Driving toward Innovation in India’s Bus Systems

By Alisha Sud —

Traffic snarl in Delhi, India. Source: Carol Mitchell’s flickr photostream, used under a creative commons license.

Amid increasing domestic pressure to alleviate chronic traffic congestion on India’s heavily-traveled roadways, Prime Minister Narendra Modi’s government has sought to reprioritize public transportation and highway projects across the country. The 2016 Union Budget, released in February, includes roughly $8.5 billion for the state and central ministries of Road Transport and Highways to help advance Modi’s drive to increase connectivity and efficiency in the transportation sector. Importantly, India’s bus systems have received renewed attention from both public and private sector stakeholders looking to create energy efficient public vehicles as well as eliminate the overcrowding of public transportation resulting from rapid urbanization. Investing in public transit rather than individual car travel may also encourage high-density development, which research suggests is beneficial for economic growth. But to increase passenger confidence in India’s buses and encourage wealthy city-dwellers to abandon private autos in favor of public transit, the government needs to fund solutions that counteract widely-held negative perceptions of its public bus systems.
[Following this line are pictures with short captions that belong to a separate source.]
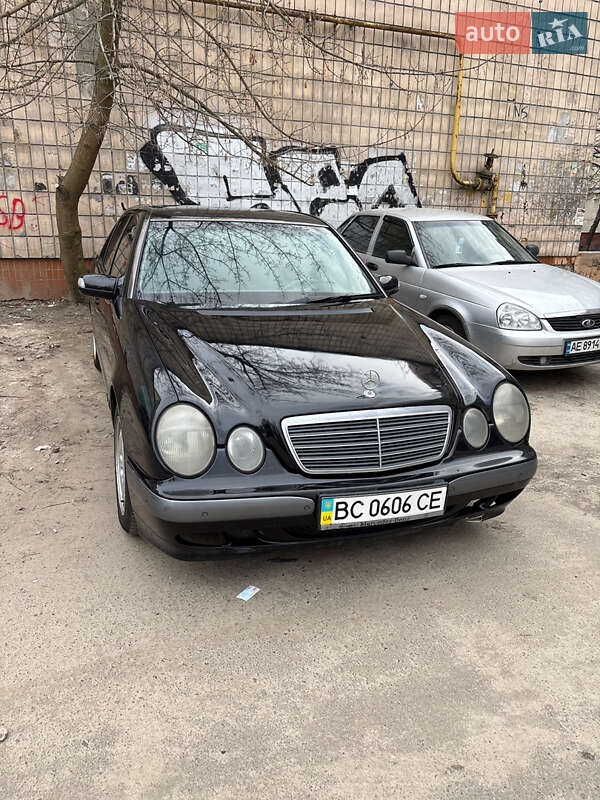 2001 mercedes-benz e 200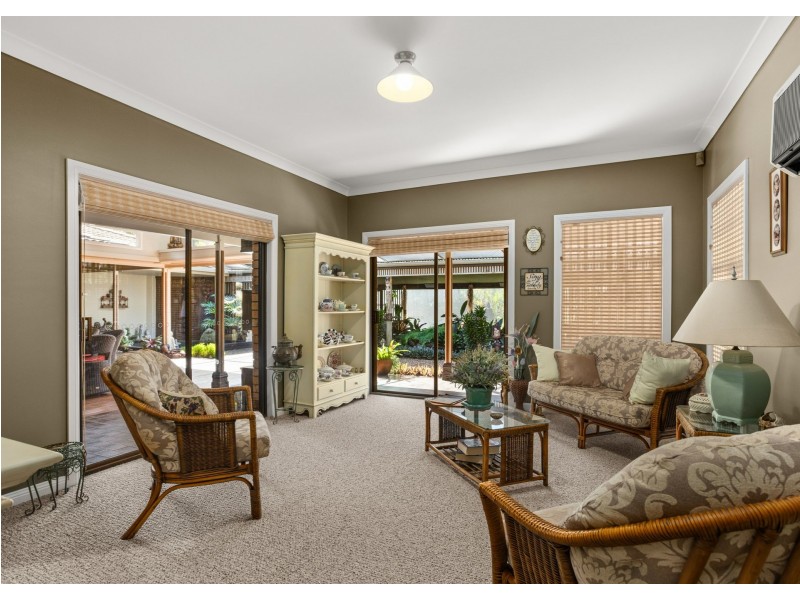 3 Kolinda Drive, Old Bar NSW 2430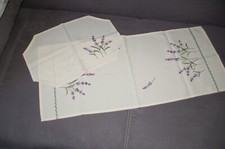 2 Stück Tischdecken, Tischläufer; Mitteldecken (158-4/25)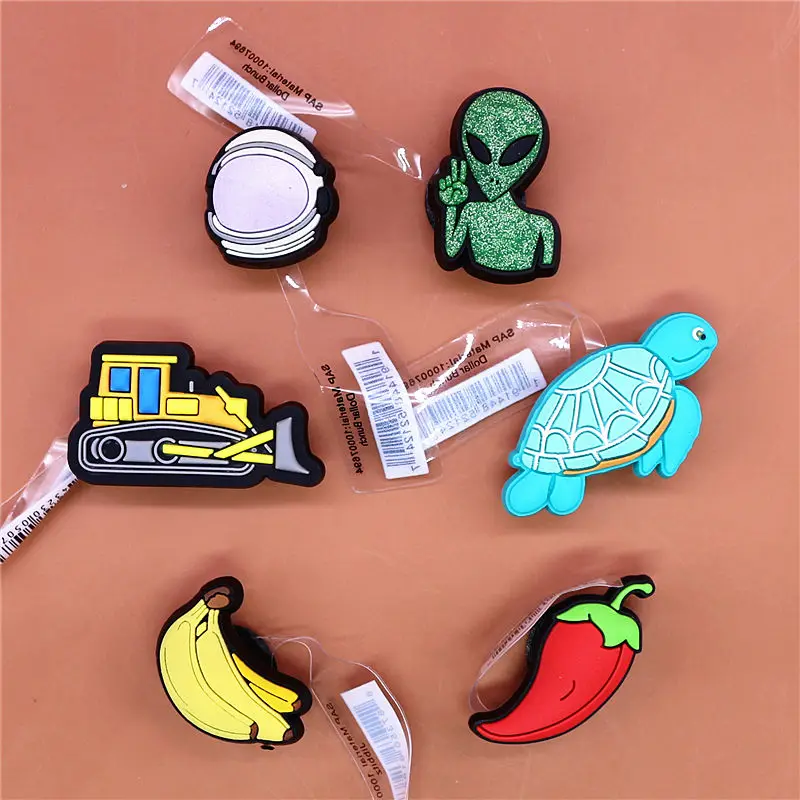Alien Turtle PVC Shoe Charms Accessories Aerospace Helmet Chili Banana Shoe Buckle Decorations fit Kids X-mas Party Gifts U264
These negative perceptions stem from the failure of well-intentioned initiatives aimed at making bus travel more efficient. Notable among them is Delhi’s experiment with Bus Rapid Transport (BRT), which began construction in 2006. Intended to cut down on traffic congestion in a city that had 7.35 million cars in 2012, the initiative ultimately caused more traffic thanks to inadequate bus stations, badly planned routes, and poor quality vehicles and maintenance procedures. The project was scrapped and the city began dismantling it in January 2016, at a cost of around $1.6 million.

Delhi is not the only Indian city that presents commuting challenges. At present, a Mumbai bus line, BEST, averages an all-time low speed of 7.5mph during peak hour, while private cars travel a rate of 12.4mph or greater. Consequently, the bus line has witnessed a decline in commuter strength by one million passengers a day and forces those commuters who do opt to take the bus to endure extremely long wait times. Beyond leaving commuters aggravated, cities with older fleets of diesel-fueled buses are contributing to India’s intense struggle with air pollution. Even India’s newer buses, which run on compressed natural gas, produce alarming levels of nitric oxide pollution.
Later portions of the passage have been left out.